Non importa che si tratti di yoga, zen o mindfulness, secondo evidenze scientifiche c’è una zona del nostro cervello, la corteccia cingolata posteriore che è collegata con il nostro “identificarci”, essere impigliati nel proprio io e prendere tutto personalmente.

Perchè ci preoccupiamo continuamente?

E’ come se ci preoccupassimo continuamente di quello che vorremmo, di quello che ci servirebbe, totalmente immersi nel nostro sè. Siamo tenuti in pugno dalle nostre percezioni: una specie di galera! (approfondisci qui: occuparsi è meglio che preoccuparsi)

Se poi cominci a chiederti cosa vuoi davvero scatta anche l’ansia procurata dal non capire cosa vogliamo perchè ci siamo allontanati troppo dal nostro intuito.  Abbiamo smesso di usare da troppo tempo il nostro naturale fiuto e ci siamo confusi a tal punto da non sapere più nulla.

Cosa ci manca?

Quello che crea quel comune senso di insoddisfazione e scontentezza è il continuo chiedersi: come sto adesso? C’è qualcosa di troppo fastidioso che non riesco a sopportare?
In realtà dovremmo imparare a districare la nostra attitudine ad essere sempre centrati su di sè e ad identificarci con tutto quello che ci capita.
Ci manca il piacere di goderci il momento presente senza avere un obiettivo, o senza fare qualcosa adesso per ottenere qualcosa in futuro.

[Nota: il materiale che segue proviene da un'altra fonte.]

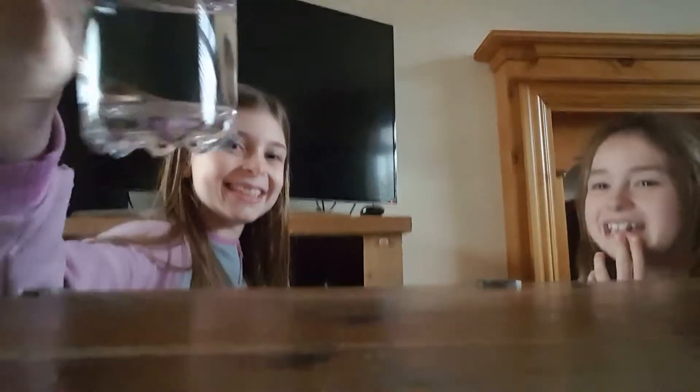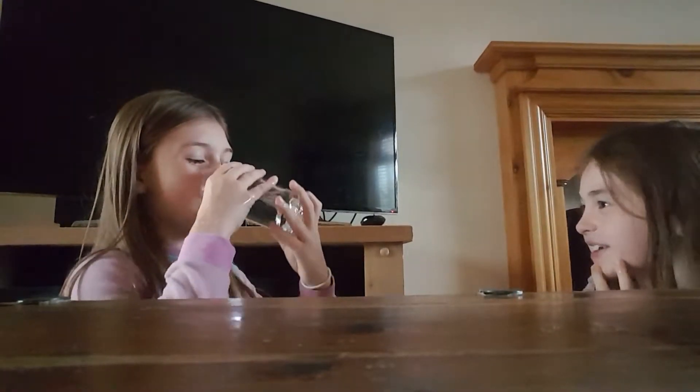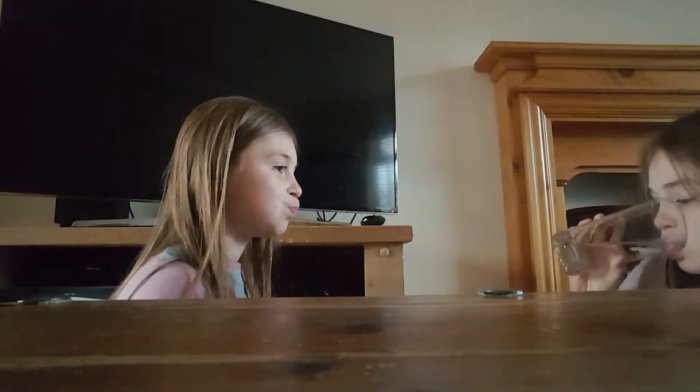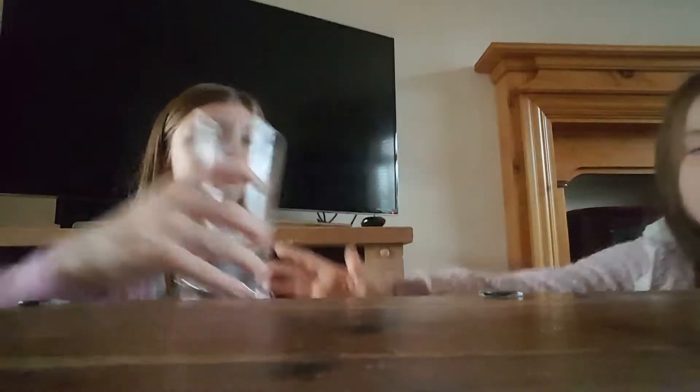Do you need to refill now? Yeah, that's good. I didn't take that much — warm. That was three and a half!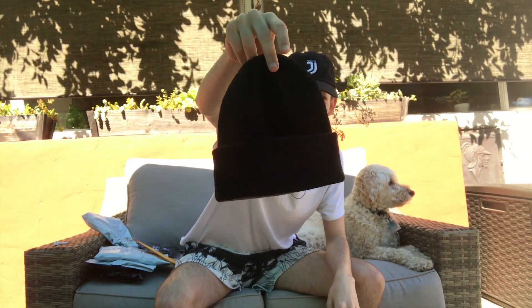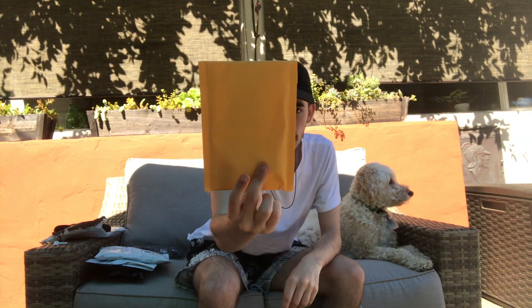Next I got the reversible beanie. It has black on this side and then gray on the other — pretty clean. I've got a lot of these and I definitely think they're gonna go for some money. This item comes in a little envelope, and it has an FTP sticker inside.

E’ come se fossimo sempre al lavoro.

Come funziona l’insoddisfazione?

E’ come se la nostra mente fosse costantemente sottoposta ad uno stress: lei cerca di prevedere il segnale sensoriale che sta per arrivare e vuole decodificarlo in anticipo, con l’obiettivo di minimizzare gli errori di previsione, selezionare il più velocemente possibile la causa della percezione in arrivo, fare ipotesi  e stimare l’attendibilità delle nostre previsioni. Una fatica bestiale ogni volta.

Odiamo sbagliarci e spesso nel dubbio preferiamo affidarci alle nostre credenze che finiscono per influenzare e a volte determinare le nostre percezioni, tutto pur di non trovarci difronte a delle sorprese, degli errori predittivi.

Siamo continuamente sulla soglia tra ordine e caos e amiamo moltissimo starci, perchè il principio entropico ci attrae ma d’altra parte siano naturalmente portati ad affidarci alla prevedibilità dell’ordine. La radice sanscrita di ordine è -rta, lo stesso di arte, ritmo, retto e corretto. E destreggiarci in questo ambito ci fa sentire al sicuro. In questo confine ci sono paradossi che non sappiamo spiegare e che ci attraggono ancor di più, siamo nel campo dell’intuizione.

Che cos’è l’intuizione?

Spesso ciò che facciamo ma non sappiamo spiegare rientra nel dominio dell’intuizione, se sapessimo etichettarla non sarebbe qualcosa che realizziamo con l’intuizione. Sentiamo che ci fa un gran bene non dico acchiapparla ma almeno contemplarla, nella sua fuggevolezza, impermanenza e impalpabilità.

La meditazione è un vero e proprio processo di avvicinamento all’intuizione, un addestramento a tenere la mente quieta, il pensiero centrato su qualcosa che scegli tu (il respiro) e non la mente (il chiacchiericcio infinito) mentre cerchiamo di sintonizzarci sul ritmo del qui ed ora, un ritmo tanto prevedibile quanto sfuggente.

Anche addestramento deriva dalla radice -rta ऋत

  • da  (radice sanscrita “muoversi”) e ar (radice indoeuropea di “modo appropriato”)
  • questo termine è legato, sempre per mezzo della radice indoeuropea di *ar, al termine greco harmos, da cui l’italiano “armonia”, e al latino arsda cui “arte”.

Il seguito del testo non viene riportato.